GIVEN RECORDS
--*--

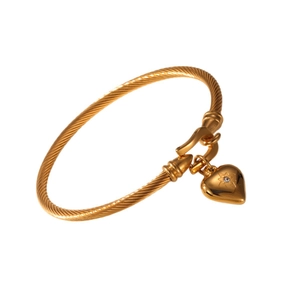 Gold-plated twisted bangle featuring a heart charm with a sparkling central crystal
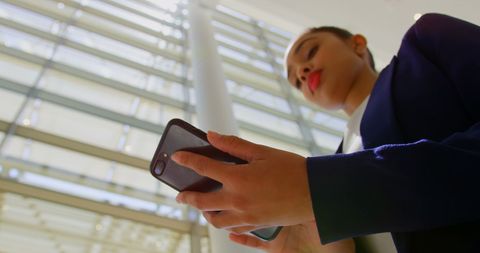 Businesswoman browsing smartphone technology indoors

--*--

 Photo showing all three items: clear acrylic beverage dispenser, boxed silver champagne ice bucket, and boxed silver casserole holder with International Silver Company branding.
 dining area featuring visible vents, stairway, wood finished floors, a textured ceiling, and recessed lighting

--*--

YOUR OBJECTIVE
A word-for-word reproduction is needed of the lines above from the line containing "Gold-plated twisted bangle" through the line containing "Businesswoman browsing smartphone", with both ends kept and no pictures.

SOLUTION TO THIS PROBLEM
 Gold-plated twisted bangle featuring a heart charm with a sparkling central crystal
 Businesswoman browsing smartphone technology indoors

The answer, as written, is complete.